4.    You can pay the arrearage. Unfortunately, mortgage companies want you to do this all at once.  If you can’t come up with that much in cash, you can seek bankruptcy protection (typically a Chapter 13 bankruptcy) and spread the amount you are behind over several years.

5.    You can walk away and allow the property to be foreclosed. (This is often a much better solution than it sounds, since you get to stay in the house for months rent-free before moving and there will be nothing due to the mortgage company even if they don’t recoup all of the money owed.)

There are advantages and disadvantages to all of the above, and over the next several weeks, we will examine each of these “remedies,” in greater detail.

Lifeline for Underwater Homes

The parent agency for Fannie Mae and Freddie Mac is considering a proposal for mortgage pay down through Chapter 13, Reuters reports.  The White House denies interest in the plan.

The Principal Pay Down Plan, conceived by Norma Hammes, a San Jose bankruptcy lawyer, and promoted by NACBA, would allow homeowners in Chapter 13 bankruptcy with an underwater mortgage to direct up to five years of their payments on the mortgage to the reduction of the principal outstanding.  The plan would not otherwise change the mortgage terms.

As proposed, the plan would only apply to home loans owned or controlled by Fannie and Freddie, which make up about 90% of U.S. mortgages.

By devoting five years of payments to principal, homeowners, who now have few economic reasons to keep paying on debt tied to houses with shrunken value, could build up equity and a financial stake in otherwise overencumbered homes.

It’s our opinion here at NorCalMortgageMods that a recovery of the California economy is tied, top and tail, to the housing market.  Congress failed to pass the judicial mortgage modification bill for bankruptcy relief to homeowners two years ago.  The Administration’s encouragement of mortgage modification has been insipid and ineffectual.

If this plan doesn’t suit the White House, what is their proposal?

 

 

Settlement with Banks = Trust and Recovery?

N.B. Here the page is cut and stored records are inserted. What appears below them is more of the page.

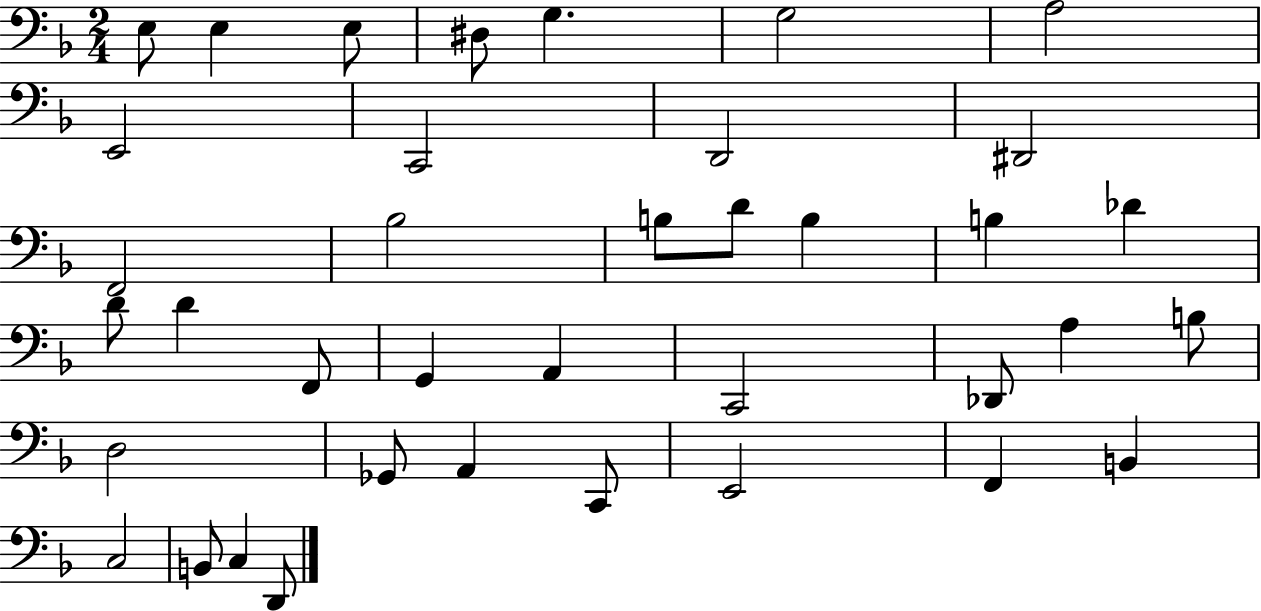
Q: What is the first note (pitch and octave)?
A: E3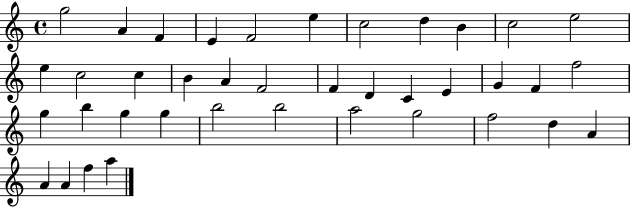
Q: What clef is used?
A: treble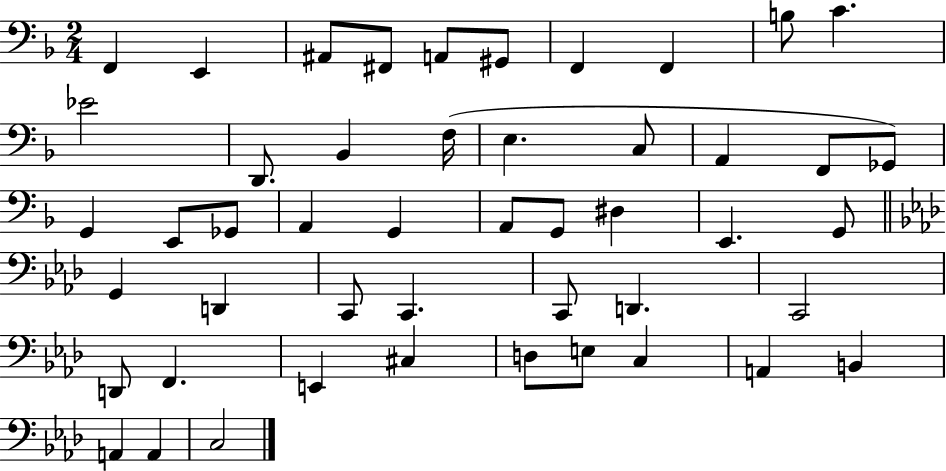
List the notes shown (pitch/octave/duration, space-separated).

F2/q E2/q A#2/e F#2/e A2/e G#2/e F2/q F2/q B3/e C4/q. Eb4/h D2/e. Bb2/q F3/s E3/q. C3/e A2/q F2/e Gb2/e G2/q E2/e Gb2/e A2/q G2/q A2/e G2/e D#3/q E2/q. G2/e G2/q D2/q C2/e C2/q. C2/e D2/q. C2/h D2/e F2/q. E2/q C#3/q D3/e E3/e C3/q A2/q B2/q A2/q A2/q C3/h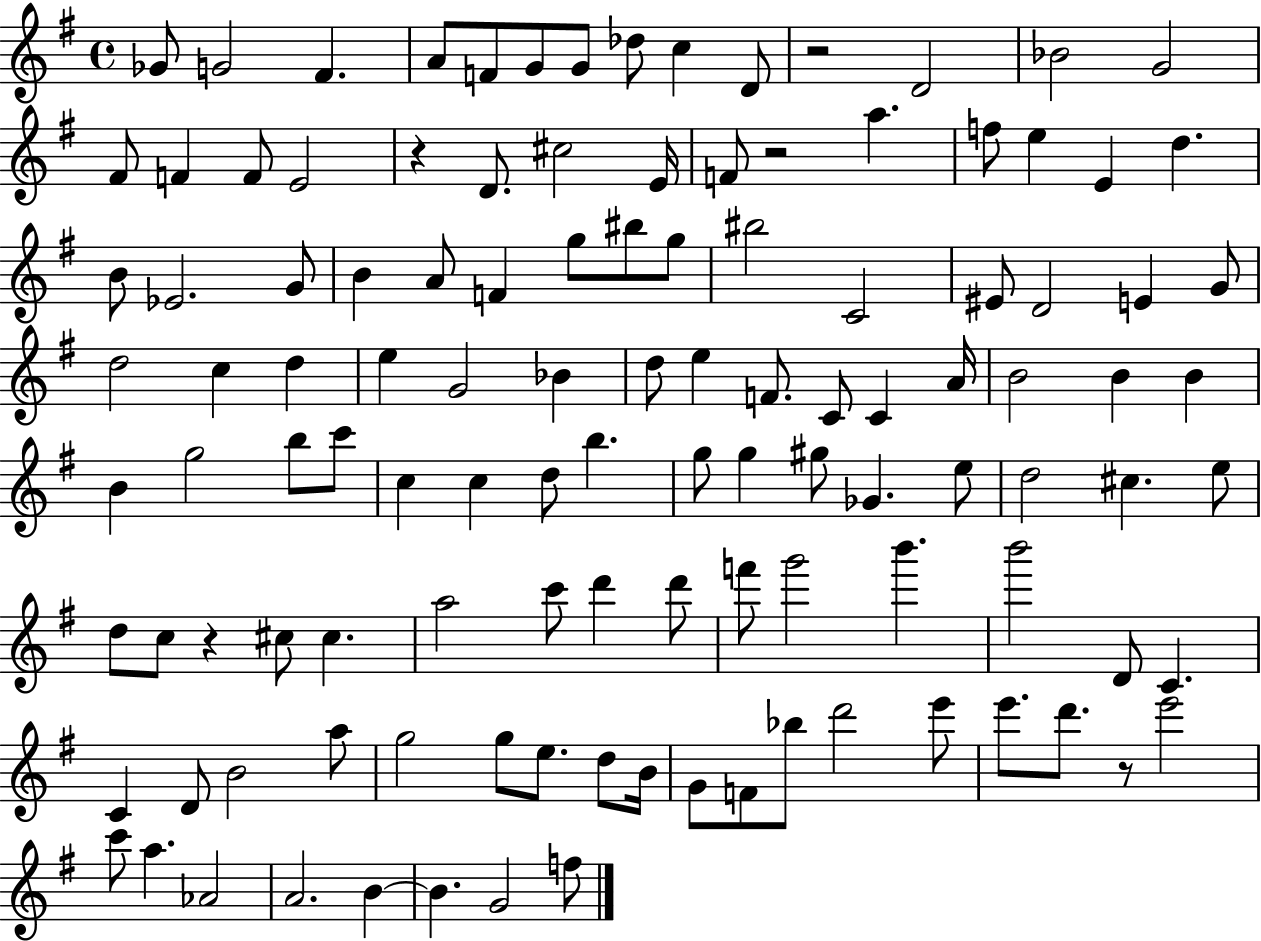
Gb4/e G4/h F#4/q. A4/e F4/e G4/e G4/e Db5/e C5/q D4/e R/h D4/h Bb4/h G4/h F#4/e F4/q F4/e E4/h R/q D4/e. C#5/h E4/s F4/e R/h A5/q. F5/e E5/q E4/q D5/q. B4/e Eb4/h. G4/e B4/q A4/e F4/q G5/e BIS5/e G5/e BIS5/h C4/h EIS4/e D4/h E4/q G4/e D5/h C5/q D5/q E5/q G4/h Bb4/q D5/e E5/q F4/e. C4/e C4/q A4/s B4/h B4/q B4/q B4/q G5/h B5/e C6/e C5/q C5/q D5/e B5/q. G5/e G5/q G#5/e Gb4/q. E5/e D5/h C#5/q. E5/e D5/e C5/e R/q C#5/e C#5/q. A5/h C6/e D6/q D6/e F6/e G6/h B6/q. B6/h D4/e C4/q. C4/q D4/e B4/h A5/e G5/h G5/e E5/e. D5/e B4/s G4/e F4/e Bb5/e D6/h E6/e E6/e. D6/e. R/e E6/h C6/e A5/q. Ab4/h A4/h. B4/q B4/q. G4/h F5/e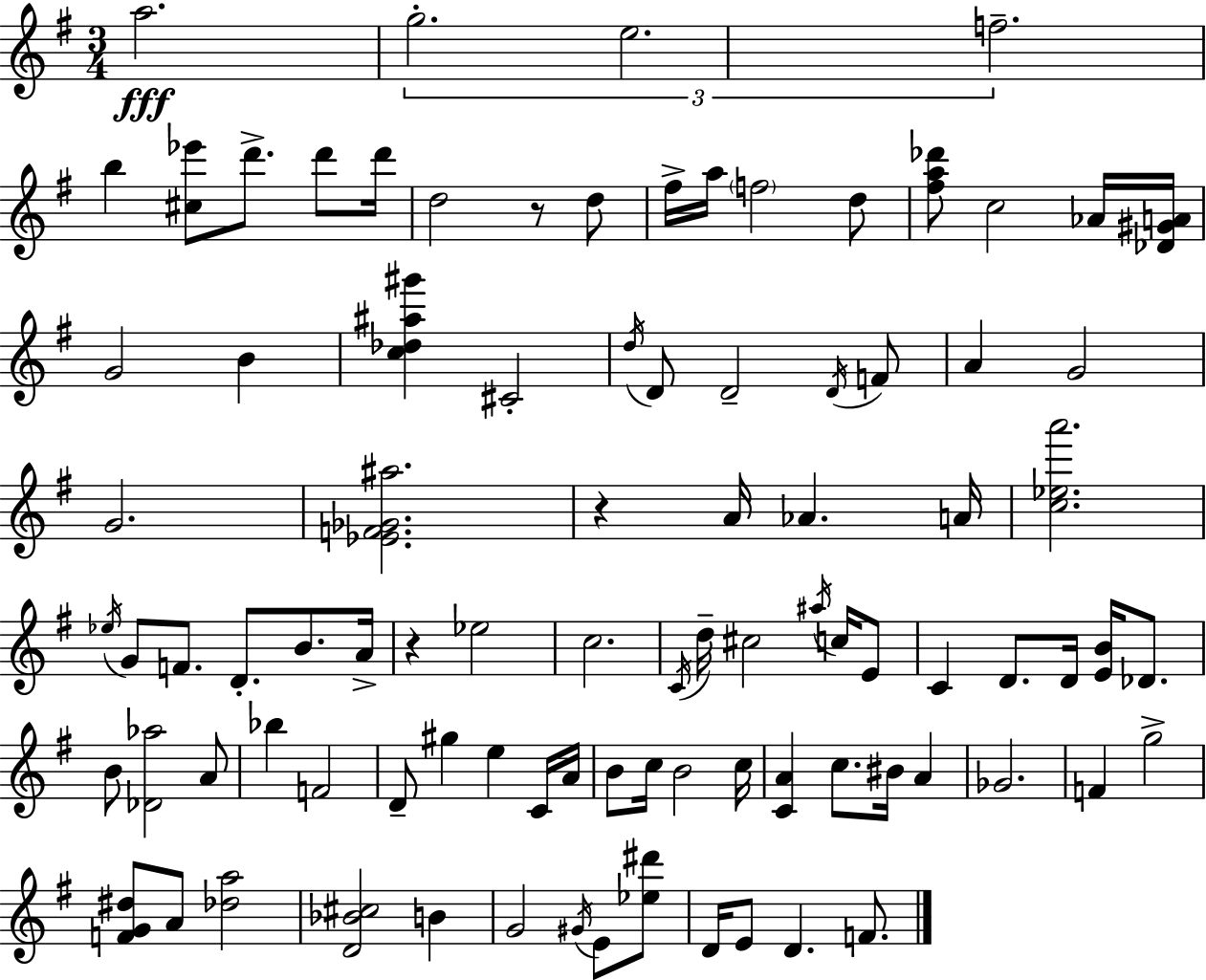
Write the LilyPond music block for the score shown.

{
  \clef treble
  \numericTimeSignature
  \time 3/4
  \key e \minor
  a''2.\fff | \tuplet 3/2 { g''2.-. | e''2. | f''2.-- } | \break b''4 <cis'' ees'''>8 d'''8.-> d'''8 d'''16 | d''2 r8 d''8 | fis''16-> a''16 \parenthesize f''2 d''8 | <fis'' a'' des'''>8 c''2 aes'16 <des' gis' a'>16 | \break g'2 b'4 | <c'' des'' ais'' gis'''>4 cis'2-. | \acciaccatura { d''16 } d'8 d'2-- \acciaccatura { d'16 } | f'8 a'4 g'2 | \break g'2. | <ees' f' ges' ais''>2. | r4 a'16 aes'4. | a'16 <c'' ees'' a'''>2. | \break \acciaccatura { ees''16 } g'8 f'8. d'8.-. b'8. | a'16-> r4 ees''2 | c''2. | \acciaccatura { c'16 } d''16-- cis''2 | \break \acciaccatura { ais''16 } c''16 e'8 c'4 d'8. | d'16 <e' b'>16 des'8. b'8 <des' aes''>2 | a'8 bes''4 f'2 | d'8-- gis''4 e''4 | \break c'16 a'16 b'8 c''16 b'2 | c''16 <c' a'>4 c''8. | bis'16 a'4 ges'2. | f'4 g''2-> | \break <f' g' dis''>8 a'8 <des'' a''>2 | <d' bes' cis''>2 | b'4 g'2 | \acciaccatura { gis'16 } e'8 <ees'' dis'''>8 d'16 e'8 d'4. | \break f'8. \bar "|."
}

The Wall Street Journal reports that banks and a number of states are close to a settlement.  It is estimated that $19 Billion would be paid and banks would be monitored by an agreed upon third party, to ensure compliance with the terms of the deal.  Although nothing has been announced the article notes that the Obama Administration is pushing for a 50 state deal in attempts to put an end to the foreclosure log jam.

With so many states strapped for cash the settlement will no doubt be a welcomed pay day. Similarly with the election year ahead the incumbent wants signs the economy is recovering well before November rolls around. External pressure aside the American people are ready to move on with their lives and get back to work.  It is unclear how resolving claims against the big banks will allow this to happen, but the link between the two is front and center in the media.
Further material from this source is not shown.